The task | Your answer should consist only of the lines below from the one with "Remember, the solid" through the one with "Forget the Sharpie.", copied exactly.

Source records |
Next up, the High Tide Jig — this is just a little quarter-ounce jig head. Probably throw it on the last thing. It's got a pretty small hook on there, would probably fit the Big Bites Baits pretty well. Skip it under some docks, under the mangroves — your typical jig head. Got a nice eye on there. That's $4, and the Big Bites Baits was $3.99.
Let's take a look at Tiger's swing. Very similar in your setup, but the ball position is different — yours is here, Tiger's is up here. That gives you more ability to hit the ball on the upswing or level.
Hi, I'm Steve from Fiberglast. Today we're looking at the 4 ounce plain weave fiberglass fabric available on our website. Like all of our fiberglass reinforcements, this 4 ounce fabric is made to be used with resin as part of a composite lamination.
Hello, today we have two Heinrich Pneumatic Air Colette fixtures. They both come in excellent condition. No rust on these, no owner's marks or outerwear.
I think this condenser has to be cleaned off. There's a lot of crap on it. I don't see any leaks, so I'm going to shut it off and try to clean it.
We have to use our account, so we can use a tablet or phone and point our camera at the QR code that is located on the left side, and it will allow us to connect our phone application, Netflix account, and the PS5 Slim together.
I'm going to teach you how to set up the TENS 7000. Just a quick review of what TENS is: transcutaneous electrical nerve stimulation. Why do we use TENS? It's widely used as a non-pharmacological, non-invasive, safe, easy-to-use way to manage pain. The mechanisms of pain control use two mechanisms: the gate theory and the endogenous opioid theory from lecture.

...

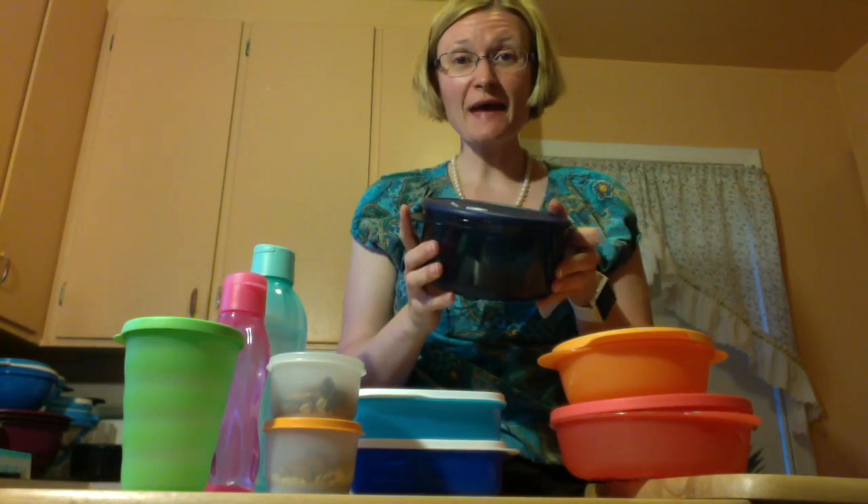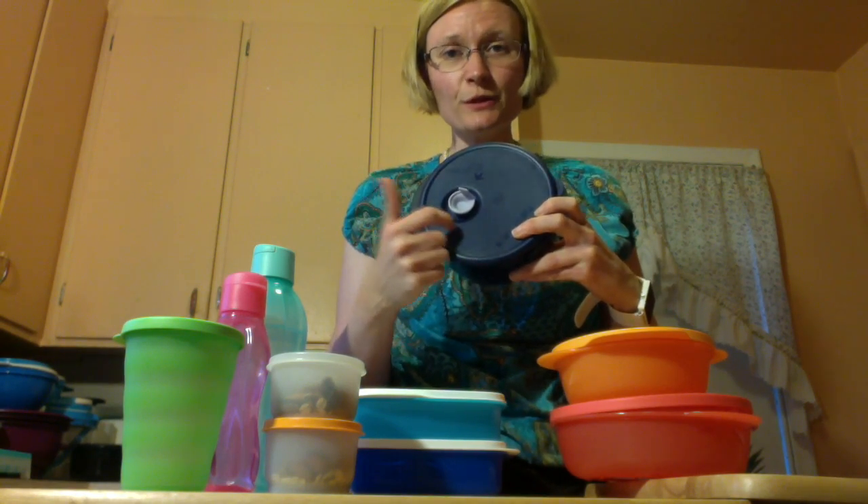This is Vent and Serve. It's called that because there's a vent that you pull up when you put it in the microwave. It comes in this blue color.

...

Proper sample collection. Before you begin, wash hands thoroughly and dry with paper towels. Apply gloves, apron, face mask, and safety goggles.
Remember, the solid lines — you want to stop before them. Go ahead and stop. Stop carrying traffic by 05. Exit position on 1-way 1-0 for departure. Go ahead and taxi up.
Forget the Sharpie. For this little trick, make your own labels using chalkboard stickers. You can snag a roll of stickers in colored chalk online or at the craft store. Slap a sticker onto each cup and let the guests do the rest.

Exercise output |
Remember, the solid lines — you want to stop before them. Go ahead and stop. Stop carrying traffic by 05. Exit position on 1-way 1-0 for departure. Go ahead and taxi up.
Forget the Sharpie. For this little trick, make your own labels using chalkboard stickers. You can snag a roll of stickers in colored chalk online or at the craft store. Slap a sticker onto each cup and let the guests do the rest.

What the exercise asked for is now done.